Como em muitas outras nações, após a Independência vieram outras formas de dependência, que evoluíram até hoje, com resultados à vista: 51% dos 28 milhões de peruanos são pobres, 24% são extremamente pobres. Cusco, a cidade mais antiga da América do Sul, está (ironicamente) na zona mais turística do País, que é também uma das mais pobres. À vista andam mendigos, pedintes, crianças sem abrigo que são empurradas pelos pais para posar para fotografias internacionais a troco de trocos. Incomoda-me. Não o pedido, esse é legítimo, mas a sua utópica solução. É aparente e quase hipócrita a atitude de ajudar, ao dar comida ou moedas, quando comparada com os excessos que cometemos em outros consumos fúteis. Os esforços dos Estados por terminar com o “subdesenvolvimento” são tão contraditórios, como o são, os “bons” exemplos morais e económicos dados pelos voluntários europeus na vida nocturna de Cusco.

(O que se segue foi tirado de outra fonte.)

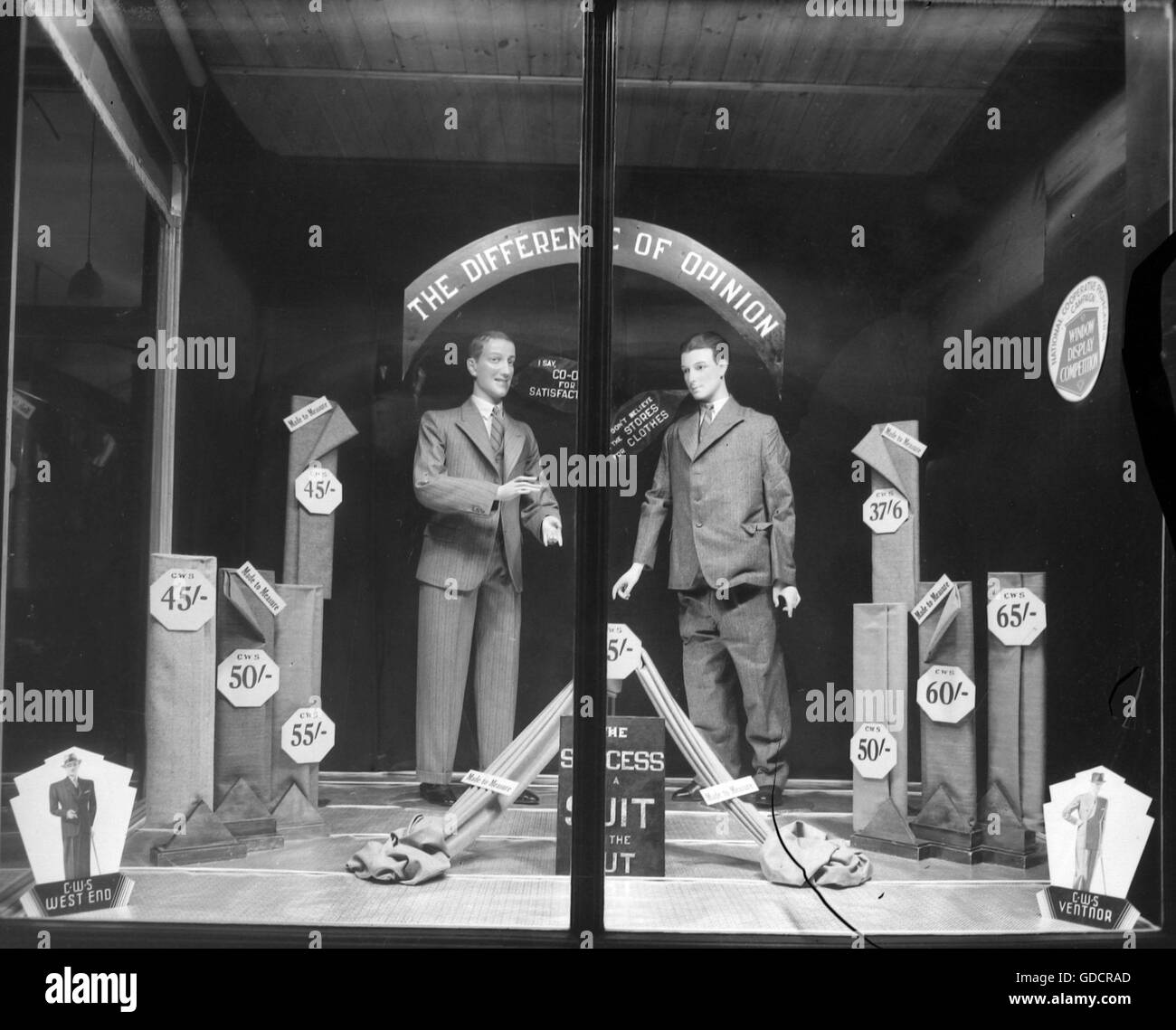 Made to measure suits in a Shop Window display for The Co-op Co-operative Wholesale Society (CWS) circa 1920 in the Burton on Trent area, South Derbyshire. Photograph by Tony Henshaw Stock Photo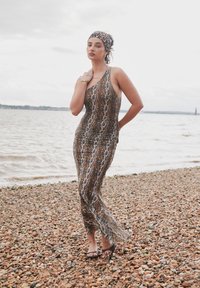 Leopard uzorak, uska haljina bez rukava s malo proširenim rubom. Nošena uz ravne sandale i odgovarajuću traku za glavu, na šljunčanoj plaži.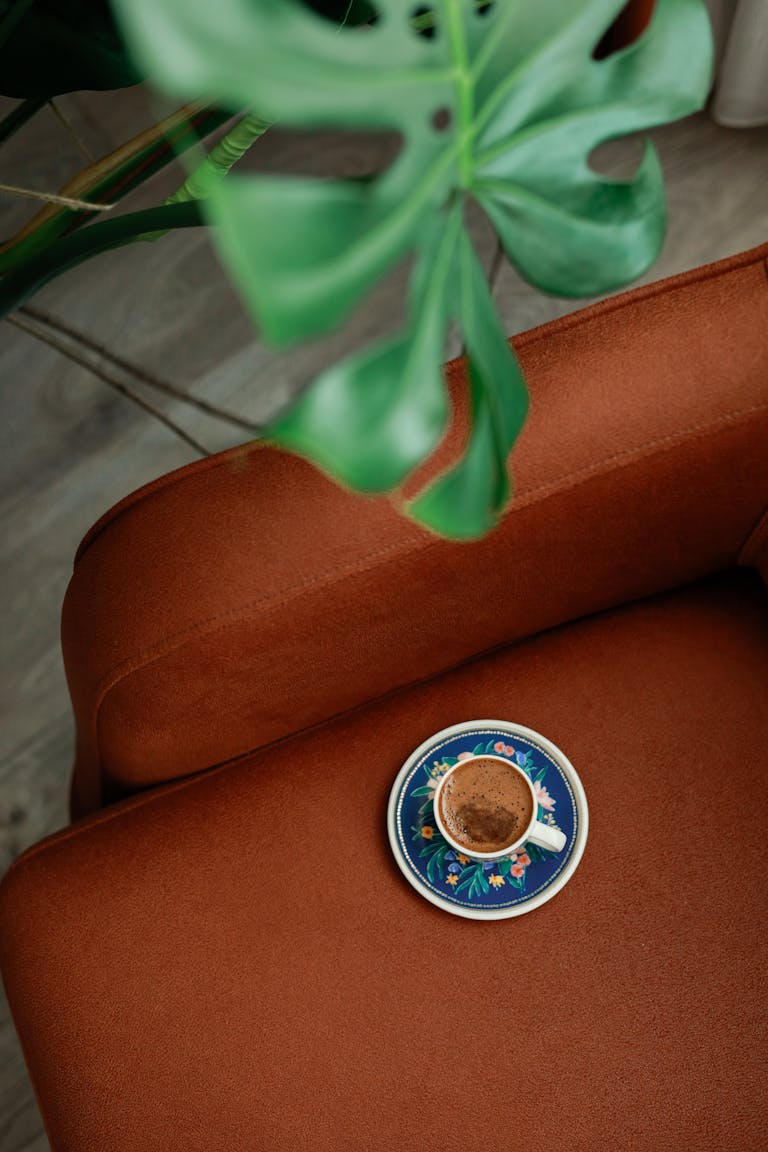 A beautifully designed coffee cup sits on a brown sofa with rich leaf decor, creating a cozy and inviting ambiance.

Diz-se que a Cusco inca tinha a forma de um puma, que a Plaza de Armas (uma denominação urbana espanhola) era unida com a Plaza del Regocijo, e cruzada por um rio, um canal central construído pelos Incas. Os eixos traçados por eles subentendem-se, mas a presença espanhola foi “engolindo” essas memórias, difundiu a tipologia arquitectónica do pátio, dita “conventual”, bem conhecida na Europa.
Já não tenho pressa. Tenho tempo para ver e desenhar nas praças, para ir à parte menos turística da cidade (mais densa), para apreciar a melhor gastronomia sul americana, adivinhar os condimentos, beber “chicha morada”, para conversar com peruanos, para ver as mulheres nos teares, e conhecer os símbolos que tecem. As cores com que tingiam a lã das “llamas”, antes eram extraídas de folhas, sementes e raízes, e incluíam até azuis. Agora são sintéticas. Por dinheiro, muitas matriarcas vendem ponchos de família (alguns com 300 anos), fitas do cabelo, ou “chuspas” (bolsas onde guardavam as folhas de cocaína).

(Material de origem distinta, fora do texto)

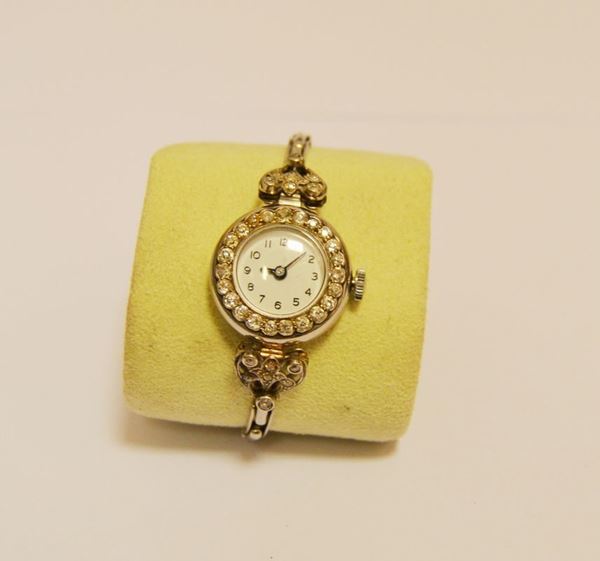 Orologio da polso per signora con cassa e bracciale in oro bianco a molla , decorata  con brillanti g 21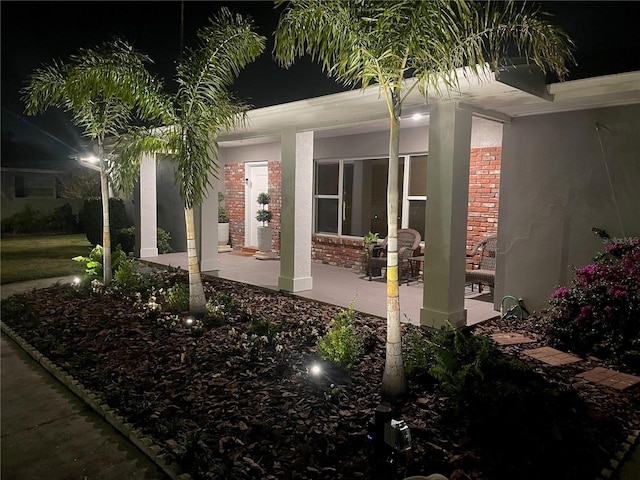 view of patio at twilight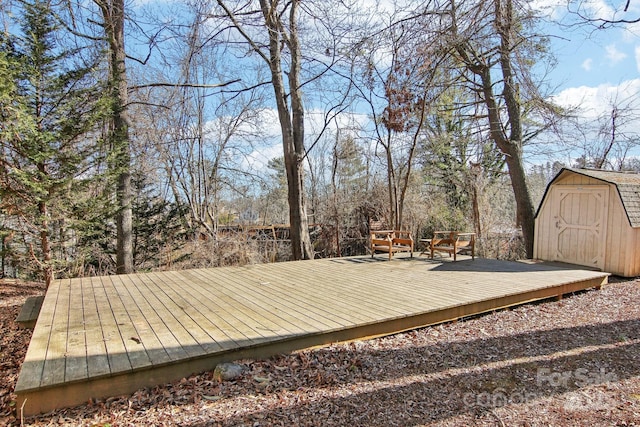 wooden terrace featuring a storage shed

As dores de cabeça que me auto-provoquei (ao passar do nível do mar para os 3.400 m de altitude bruscamente) passaram-me depois dos chás de folha de cocaína e de mascar as folhas. Como as ruínas, o ritual de consumo deste estimulante cardíaco é pré-hispânico, era usado em todo o oriente do continente. A coca ajuda a oxigenação do sangue e acelera a entrega de energia aos músculos. Os mortos levavam na boca folhas para serem bem-aventurados. Os peruanos usaram-na para tirar a fome, suportar frio, fraqueza e exploração das minas de ouro, sal e prata. Essa é a dependência (ou alucinação) que ainda desventra este País. Tão rico e tão pobre.
Por Sofia Valente
A Sofia é uma surfista do Porto que está na América do Sul a fazer um ano do curso de arquitectura e, claro está, a viajar e a surfar sempre que pode.